1. Home
  3. Installing NVIDIA DGX software stack in Bright software images

Installing NVIDIA DGX software stack in Bright software images

This document describes the procedure for installing the official Nvidia DGX software stack in a Bright software image. The instructions in this document target the DGX A100, but the same procedure can be used for other DGX systems such as DGX-1, DGX-2 and DGX Station. The procedure has been validated for the following Linux distributions:

  • Ubuntu 18.04
  • RedHat Enterprise Linux 7
  • RedHat Enterprise Linux 8

Step 1: Prepare a copy of the software image

This example uses the default software image as the base image. Any other software image can be used for this purpose.

Clone the base software image to an image called dgxa100-image.

$ cmsh
  clone default-image dgxa100-image

Step 2: Assign new image to the node(s) or category

Define a new node. say dgx-a100 and assign the prepared dgx-image to it. After the initial ramdisk has been generated, provision the DGX node.

In the example below we will set the software image for an individual node, but if you have many DGX nodes it makes more sense to create a node category, make your DGX nodes part of this category, and set the software image for the category (which will then be inherited by all nodes in the category).

$ cmsh
  device use dgx-a100;
  set softwareimage dgxa100-image;

  # Wait for ramdisk to be generated

Step 3: Install DGX software stack

In the RHEL7 and RHEL8 examples below we will install the DGX stack into the software image on the head node, and hence all operations are performed on the head node. However the same steps can also be performed directly on the DGX node, if the node has already been provisioned with the image created in Step 1. When installing directly on a DGX node, the --installroot option should not be used, and Step 4 (grab image) must be completed to capture the changes on the node back in the image.


Enable repositories

# Enable additional RHEL7 repositories
subscription-manager repos --enable=rhel-7-server-extras-rpms
subscription-manager repos --enable=rhel-7-server-optional-rpms

# Enable DGX repositories in software image
yum --installroot /cm/images/dgxa100-image install -y https://international.download.nvidia.com/dgx/repos/rhel-files/dgx-repo-setup-20.03-1.el7.x86_64.rpm

# Enable DGX repositories
yum-config-manager --installroot /cm/images/dgxa100-image -y --enable nvidia-dgx-7-r450-cuda11-0

Note: The URLs, names of the repositories and versions in the above example are subject to change. Please refer to the official DGX RHEL7 Install Guide for latest information on DGX repositories.
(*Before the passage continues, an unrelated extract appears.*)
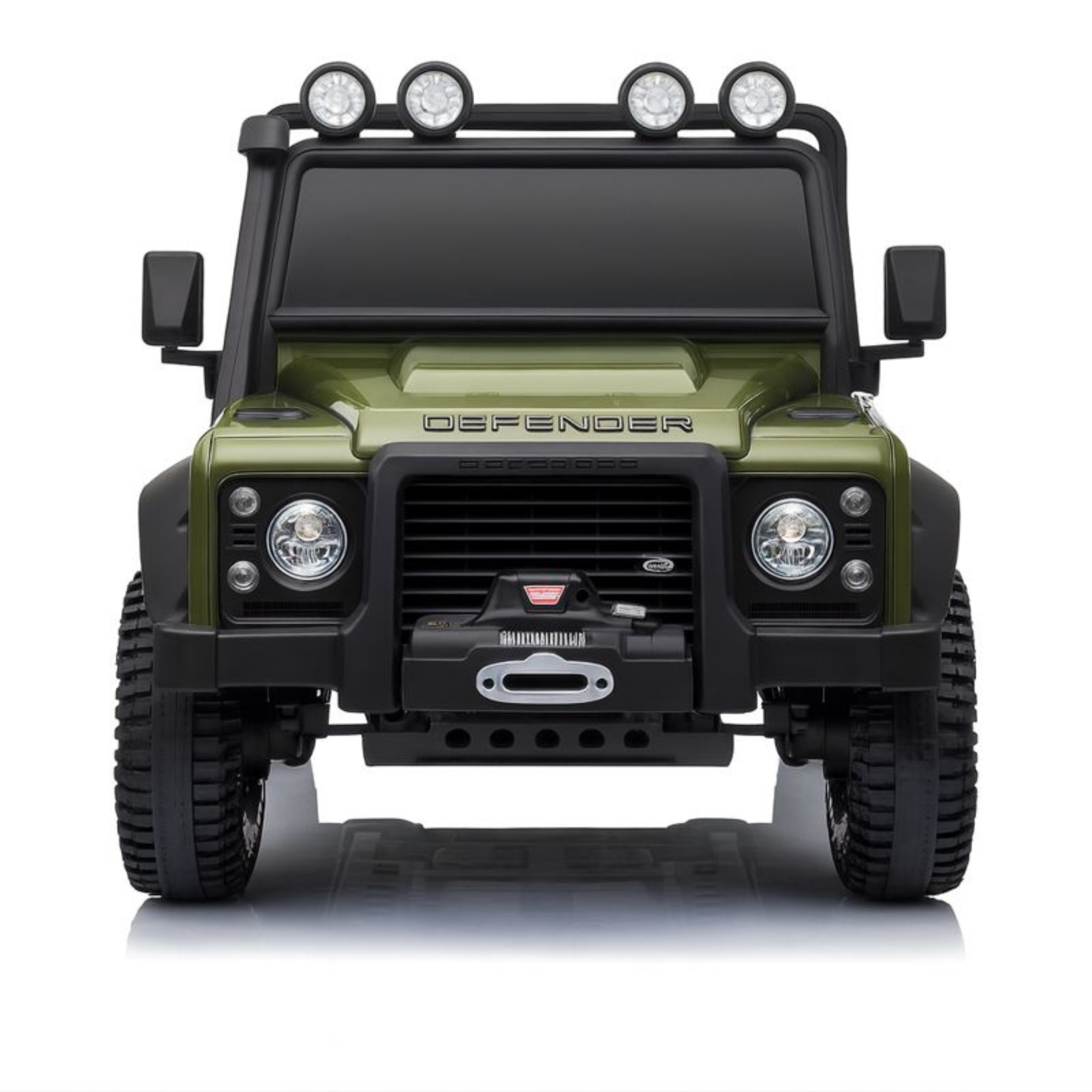 12V Green Land Rover Defender 1-Seater AWD Ride-on Truck W/ Rubber Wheels, Music Player & RC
Install DGX tools and Nvidia drivers

# Remove conflicting Bright cuda-dcgm/cuda-driver packages(if installed)
yum --installroot /cm/images/dgxa100-image remove cuda-dcgm cuda-driver

# Install DGX tools
yum --installroot /cm/images/dgxa100-image groupinstall -y 'DGX A100 Configurations'

# Install Nvidia drivers
yum --installroot /cm/images/dgxa100-image install -y cuda-drivers dgx-persistence-mode


Enable repositories

# Enable additional RHEL8 repositories
subscription-manager repos --enable=rhel-8-for-x86_64-appstream-rpms
subscription-manager repos --enable=rhel-8-for-x86_64-baseos-rpms
subscription-manager repos --enable=codeready-builder-for-rhel-8-x86_64-

# Enable DGX repositories in software image
dnf --installroot /cm/images/dgxa100-image install -y https://repo.download.nvidia.com/baseos/el/el-files/8/nvidia-repo-setup-20.11-0.el8.x86_64.rpm

# Install Nvidia RPM GPG keys on head node
cp /cm/images/dgxa100-image/etc/pki/rpm-gpg/RPM-GPG-KEY-cuda /etc/pki/rpm-gpg/
cp /cm/images/dgxa100-image/etc/pki/rpm-gpg/RPM-GPG-KEY-dgx-cosmos-support /etc/pki/rpm-gpg/

Note: The URLs, names of the repositories and versions in the above example are subject to change. Please refer to the official DGX RHEL8 Install Guide for latest information on DGX repositories.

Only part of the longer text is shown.